• Source material:
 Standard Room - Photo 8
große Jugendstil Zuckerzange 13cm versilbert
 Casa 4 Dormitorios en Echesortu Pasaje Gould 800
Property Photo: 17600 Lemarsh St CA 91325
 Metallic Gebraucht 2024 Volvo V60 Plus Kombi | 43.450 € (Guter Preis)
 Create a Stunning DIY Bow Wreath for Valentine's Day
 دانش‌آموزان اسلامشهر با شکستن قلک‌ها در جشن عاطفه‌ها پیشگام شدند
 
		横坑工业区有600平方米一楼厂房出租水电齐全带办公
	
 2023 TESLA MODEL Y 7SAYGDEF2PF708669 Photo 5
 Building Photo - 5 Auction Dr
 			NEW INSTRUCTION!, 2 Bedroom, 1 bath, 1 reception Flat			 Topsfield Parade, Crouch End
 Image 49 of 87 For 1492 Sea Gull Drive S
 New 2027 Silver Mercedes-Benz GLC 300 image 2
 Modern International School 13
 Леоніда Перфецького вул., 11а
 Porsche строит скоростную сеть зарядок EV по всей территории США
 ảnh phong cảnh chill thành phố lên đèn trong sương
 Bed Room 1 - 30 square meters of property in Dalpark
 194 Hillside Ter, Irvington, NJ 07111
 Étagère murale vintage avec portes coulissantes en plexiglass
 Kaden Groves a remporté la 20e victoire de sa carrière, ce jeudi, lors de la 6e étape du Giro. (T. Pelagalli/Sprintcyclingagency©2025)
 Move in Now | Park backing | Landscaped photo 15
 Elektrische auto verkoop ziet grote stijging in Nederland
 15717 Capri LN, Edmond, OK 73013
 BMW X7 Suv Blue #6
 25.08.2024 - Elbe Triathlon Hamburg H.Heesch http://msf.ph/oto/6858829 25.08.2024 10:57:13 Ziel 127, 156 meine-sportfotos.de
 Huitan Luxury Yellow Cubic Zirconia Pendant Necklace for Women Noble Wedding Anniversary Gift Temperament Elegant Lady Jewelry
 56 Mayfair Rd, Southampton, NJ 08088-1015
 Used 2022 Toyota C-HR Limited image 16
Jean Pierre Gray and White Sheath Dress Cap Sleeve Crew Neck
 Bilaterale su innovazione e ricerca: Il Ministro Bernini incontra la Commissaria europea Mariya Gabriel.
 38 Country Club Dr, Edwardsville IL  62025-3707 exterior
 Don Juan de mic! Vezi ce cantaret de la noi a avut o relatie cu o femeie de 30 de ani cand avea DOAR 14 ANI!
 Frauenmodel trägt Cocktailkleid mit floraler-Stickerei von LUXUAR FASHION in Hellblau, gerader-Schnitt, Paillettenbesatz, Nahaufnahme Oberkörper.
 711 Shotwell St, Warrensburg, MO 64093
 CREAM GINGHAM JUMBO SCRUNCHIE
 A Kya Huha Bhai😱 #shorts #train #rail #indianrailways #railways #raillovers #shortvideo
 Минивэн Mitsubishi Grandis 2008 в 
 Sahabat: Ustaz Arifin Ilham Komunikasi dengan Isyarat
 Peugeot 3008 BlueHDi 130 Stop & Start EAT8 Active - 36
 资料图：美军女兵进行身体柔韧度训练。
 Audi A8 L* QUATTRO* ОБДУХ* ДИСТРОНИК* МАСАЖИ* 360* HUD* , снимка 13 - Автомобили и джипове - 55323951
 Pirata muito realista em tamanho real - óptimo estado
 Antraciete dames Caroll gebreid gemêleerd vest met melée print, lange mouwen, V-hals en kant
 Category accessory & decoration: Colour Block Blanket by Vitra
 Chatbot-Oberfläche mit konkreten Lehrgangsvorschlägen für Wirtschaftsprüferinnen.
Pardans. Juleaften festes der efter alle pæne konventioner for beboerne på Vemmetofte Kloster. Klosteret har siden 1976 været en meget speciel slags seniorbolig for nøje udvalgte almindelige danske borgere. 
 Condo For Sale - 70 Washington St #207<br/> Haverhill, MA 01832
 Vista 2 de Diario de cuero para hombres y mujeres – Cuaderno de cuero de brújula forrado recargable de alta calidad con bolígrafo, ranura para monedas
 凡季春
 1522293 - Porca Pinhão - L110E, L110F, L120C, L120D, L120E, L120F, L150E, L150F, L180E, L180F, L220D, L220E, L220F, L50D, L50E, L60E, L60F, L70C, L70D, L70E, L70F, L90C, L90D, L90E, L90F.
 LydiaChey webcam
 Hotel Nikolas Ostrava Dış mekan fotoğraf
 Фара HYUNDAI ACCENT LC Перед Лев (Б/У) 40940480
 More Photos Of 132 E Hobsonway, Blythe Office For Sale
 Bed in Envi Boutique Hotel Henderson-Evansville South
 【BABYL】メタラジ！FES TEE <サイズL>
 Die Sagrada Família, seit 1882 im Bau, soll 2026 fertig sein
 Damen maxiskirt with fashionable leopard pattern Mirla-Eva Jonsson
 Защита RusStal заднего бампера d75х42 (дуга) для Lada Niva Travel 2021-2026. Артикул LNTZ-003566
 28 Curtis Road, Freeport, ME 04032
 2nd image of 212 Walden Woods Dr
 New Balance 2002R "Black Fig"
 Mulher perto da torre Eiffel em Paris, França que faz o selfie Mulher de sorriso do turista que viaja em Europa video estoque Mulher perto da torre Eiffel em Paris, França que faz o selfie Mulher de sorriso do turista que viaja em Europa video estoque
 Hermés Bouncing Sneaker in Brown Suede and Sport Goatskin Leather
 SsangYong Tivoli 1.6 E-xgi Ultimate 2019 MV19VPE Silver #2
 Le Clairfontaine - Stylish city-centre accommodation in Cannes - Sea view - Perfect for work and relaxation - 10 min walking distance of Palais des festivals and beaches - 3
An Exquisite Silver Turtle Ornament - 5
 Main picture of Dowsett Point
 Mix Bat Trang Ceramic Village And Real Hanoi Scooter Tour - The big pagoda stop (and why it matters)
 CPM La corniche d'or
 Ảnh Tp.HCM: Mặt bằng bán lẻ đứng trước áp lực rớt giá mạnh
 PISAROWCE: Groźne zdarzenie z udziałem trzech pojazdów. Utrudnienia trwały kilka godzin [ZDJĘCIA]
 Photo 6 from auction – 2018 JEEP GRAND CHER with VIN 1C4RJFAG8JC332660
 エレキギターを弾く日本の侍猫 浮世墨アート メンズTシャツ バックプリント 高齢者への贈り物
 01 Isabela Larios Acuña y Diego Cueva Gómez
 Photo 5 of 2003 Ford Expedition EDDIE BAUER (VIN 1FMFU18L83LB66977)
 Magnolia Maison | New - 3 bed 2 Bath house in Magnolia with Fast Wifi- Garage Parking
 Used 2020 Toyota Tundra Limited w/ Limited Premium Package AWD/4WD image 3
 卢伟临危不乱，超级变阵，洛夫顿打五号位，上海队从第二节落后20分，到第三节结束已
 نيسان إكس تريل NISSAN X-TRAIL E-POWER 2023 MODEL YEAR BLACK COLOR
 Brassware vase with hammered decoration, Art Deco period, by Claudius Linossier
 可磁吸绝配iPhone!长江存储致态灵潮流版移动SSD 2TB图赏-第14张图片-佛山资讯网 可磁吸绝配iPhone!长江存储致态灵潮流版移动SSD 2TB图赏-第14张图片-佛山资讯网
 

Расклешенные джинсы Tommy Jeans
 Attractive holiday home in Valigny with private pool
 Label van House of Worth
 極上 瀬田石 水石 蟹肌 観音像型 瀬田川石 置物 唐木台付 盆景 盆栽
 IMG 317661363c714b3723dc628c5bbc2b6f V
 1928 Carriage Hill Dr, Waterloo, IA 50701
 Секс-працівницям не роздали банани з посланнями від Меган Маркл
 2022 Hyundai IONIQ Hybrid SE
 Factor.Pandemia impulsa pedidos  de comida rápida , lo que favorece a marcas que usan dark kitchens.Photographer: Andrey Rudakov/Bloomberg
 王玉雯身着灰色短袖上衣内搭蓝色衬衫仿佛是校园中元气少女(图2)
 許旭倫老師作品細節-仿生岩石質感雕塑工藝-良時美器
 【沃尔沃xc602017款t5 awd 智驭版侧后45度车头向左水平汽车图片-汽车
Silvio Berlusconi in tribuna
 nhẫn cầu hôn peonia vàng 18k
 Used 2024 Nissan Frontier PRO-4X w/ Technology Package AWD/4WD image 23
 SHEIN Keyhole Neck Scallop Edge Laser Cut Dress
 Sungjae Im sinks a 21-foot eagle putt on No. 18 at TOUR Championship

• Your task: Look for the word "Package" in the data, then return every line that contains it.

• Task solution:
 Used 2020 Toyota Tundra Limited w/ Limited Premium Package AWD/4WD image 3
 Used 2024 Nissan Frontier PRO-4X w/ Technology Package AWD/4WD image 23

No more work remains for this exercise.